Log level ERROR is set to erroneous conditions which mostly occur on the side of the PubFetcher user (like problems in provided input), so searching for “ERROR” in log files can potentially help in finding problems that can be fixed by the user. Some problems might be caused by issues in the used resources, like Europe PMC and PubMed, and some reported problems are not problems at all, like failing to find a publication part which is actually supposed to be missing, but these messages will usually have the log level WARN. One example of WARN level messages that can indicate inconsistencies in used resource are the messages beginning with “Old ID”.

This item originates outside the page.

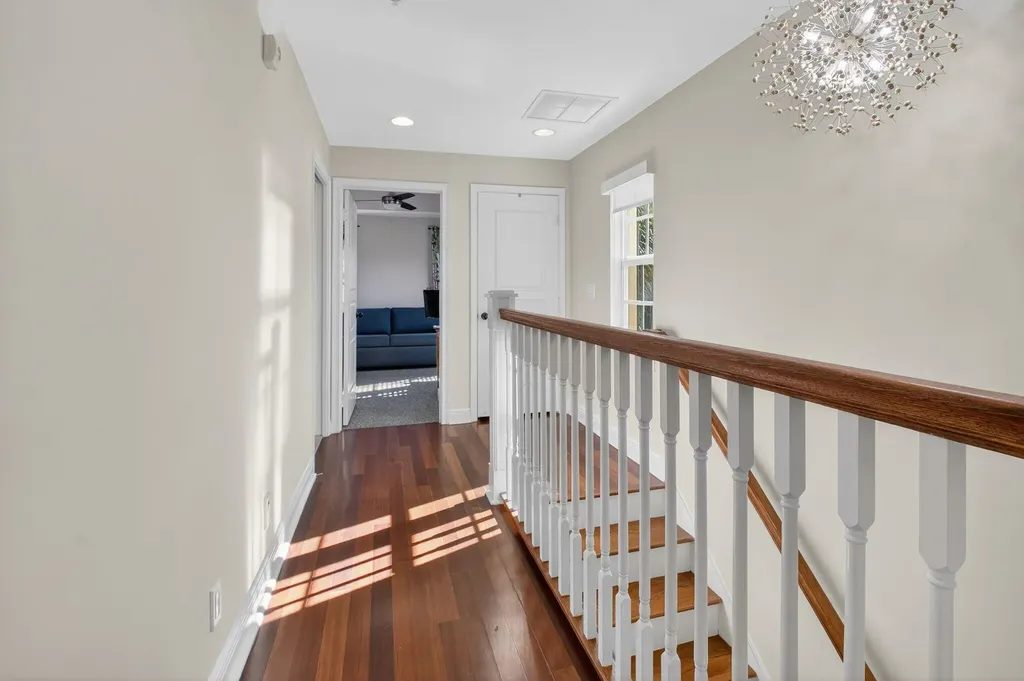 1037 W Heritage Club Circle Delray Beach FL 33483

Some examples of issues found by analysing logs:

If multiple threads are writing to a log file, then the messages of different threads will be interwoven. To get the sequence of messages of only one thread, grep could be used:

$ grep Thread-2 database.log

In addition to analysing logs, the output of -part-table (described in Output) could be checked for possible problems. For example, title being “na” is a good indicator of an invalid ID. To list all such publications the filter -part-type na -part-type-part title could be used. Other things of interest might be for example parts which are from other sources than the main ones (the europepmc, pubmed, pmc types and doi) or parts missing in Europe PMC, but present in PubMed or PMC.